GLENWOOD SPRINGS — Martin Beeson helped recall a district attorney.
Now he says he wants to help fire a congressman.

Beeson, 9th Judicial District attorney, has announced he is running for Congress in Colorado’s 3rd Congressional District. He hopes to unseat incumbent Rep. John
Salazar, a Manassa Democrat, in 2010.

Beeson is running on a platform of fiscal conservatism, and is criticizing Salazar for voting in support of the economic stimulus bill.

“We need to replace those people who are not leaders, who are blindly following the mandates of the party,” he said.

Beeson said he has shown a willingness to take a stand against his own party when necessary. In 2005, he helped lead a successful effort to recall former DA and fellow Republican Colleen Truden over allegations of mismanagement of her office. Beeson, a former employee of Truden’s, also won a two-person race to replace Truden and finish her term of office.

He became DA in early 2006, and ran unopposed for a four-year term in 2008.

Salazar was first elected to Congress in 2004.  Beeson acknowledged that if he ends up being the Republican on the ballot against Salazar, he would face the challenge of incumbency and the hefty campaign donations that come with it.

“I’m going to overcome it with common sense and I’m going to overcome it with raising my own money. This is going to take a whole lot of money, no doubt about it,” he said.

On a much larger fiscal note, Beeson fears the Obama administration is amassing a debt that will saddle future generations.

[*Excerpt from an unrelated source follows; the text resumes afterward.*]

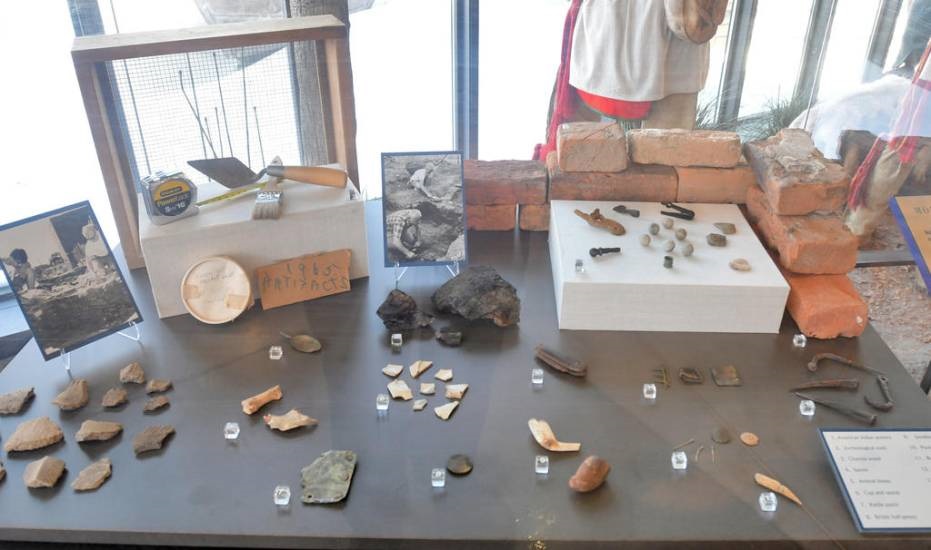 Dozens of fragmented artifacts in various colors sit inside a glass box. Dozens of fragmented artifacts in various colors sit inside a glass box.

He said Salazar and others in Congress voted for an $800 billion stimulus package without even having time to read the bill.

Salazar spokesman Eric Wortman said the congressman was intimately familiar with the bill because he sits on the House Appropriations Committee.

“He was in hours and hours of hearings on the package,” Wortman said.

Wortman was hesitant to respond in detail to Beeson’s criticisms of Salazar, noting that the election is a year-and-a-half away and Salazar doesn’t even know what Republican he may face.

“Good luck to the guy and we look forward to a campaign,” Wortman said.

Beeson grew up in Southern California and taught law and business at an university in Beijing from 1999–2002.

He said he was confident that he would be able to accomplish his duties as DA while running for Congress.

“The business of the district attorney’s office will continue to flow in an unfettered manner and the resources my staff needs, they will have,” he said.